America's love affair with indigo-dyed denim started with hard-working men soon after the first pair of Levi's hit the streets of San Francisco in 1873. In his new book, Jeans, Amesbury, Mass. author James Sullivan traces the history of everybody's favorite garment, from those early rugged jeans to the designer styles we wear today, and goes inside one of Boston's hottest jeans boutiques.
By James Sullivan
for The Boston Globe Magazine
'Did they flatten your butt out?" The moment the customer pulls back the dressing room curtain, the quick-talking shopkeeper peppers her with questions: "How do the jeans fit? Are they tight in the thighs? How do they feel on the hips?"
She's not just trying to make another sale, although at an average of $180 a pair for the high-end denims Leah Eckelberger retails at Jean Therapy, her Kenmore Square boutique, every sale is a considerable victory. Eckelberger, 31 and compact as a gymnast, is no master of the hard sell. She'll cheerfully send first-timers who blanch at her prices down to Newbury Street, to the Lucky Brand store, to buy less-expensive fashion jeans. She just wants her customers to go home feeling flattered, feeling cared for, as if they'd been to a spa. To Eckelberger, jeans are, in fact, a kind of therapy. They are comforting and familiar, yet they can make you feel sexy and adventurous. Her enthusiasm for her merchandise - enthusiasm, hell; it borders on pathology - is contagious.
Eckelberger likes to say that shopping for jeans brings out the best and worst in us. Customers don't hesitate to announce what they perceive to be their physical deficiencies. "They'll say 'I'm short,' or 'I have big legs,' " she says. "They're overaware of their bodies, actually. It's crazy." For many women, she says, the act of buying a new pair of jeans has become as intimate, and as anxiety-riddled, as picking out a bathing suit or an evening gown.
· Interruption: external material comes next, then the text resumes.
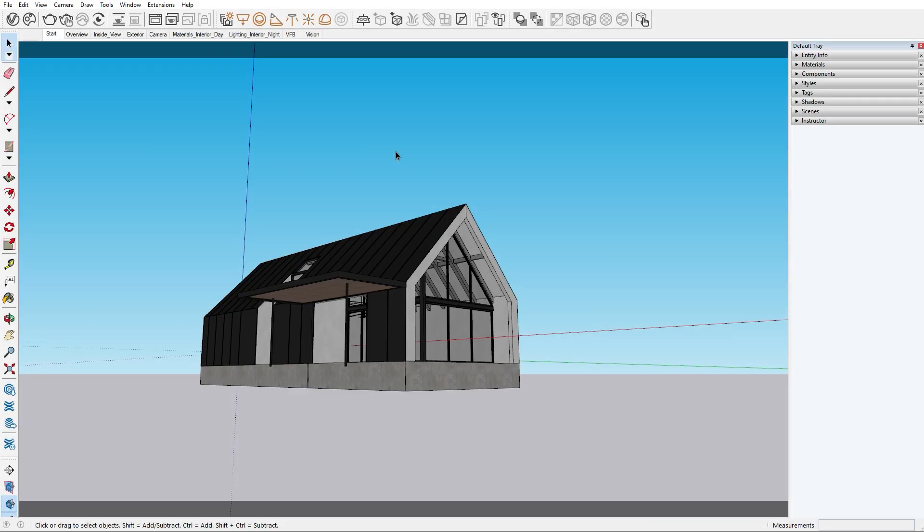Hello and welcome to the Vray for SketchUp series! In this episode I'll show you how to populate our scene with the help of the Chaos Cosmos browser. In the previous episode we did a brief overview of the upcoming tutorials. If you're interested in what is coming up, check out the introduction video.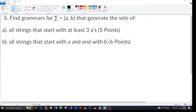Hey, what's going on guys? So today I'm going to be finding a grammar for the sigma of a, b that generates the sets of all strings that start with at least three a's, and all strings that start with a and end with b. All right, let's get started.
That's one reason the store owner believes the boom in couture denim is no passing fad. People will continue to pay higher prices, says Eckelberger, as long as the industry does not neglect the needs of ordinary buyers.
For years, the basement space that Jean Therapy now shares with a bookstore was home to the Rathskeller, the dank punk-rock hovel affectionately known as the Rat. Now stark-white and brightly lit, the space has a concrete floor patterned with Jean Therapy's graffiti-style logo, spray painted with a cardboard stencil. The transformation is telling, a microcosm of urban renewal in America. The yowling nihilism of the dive bar has given way to the hip Zen of boutique shopping. At Jean Therapy, Leah Eckelberger sells blue jeans with names that imply devotion, names such as Earnest Sewn and Sacred Blue.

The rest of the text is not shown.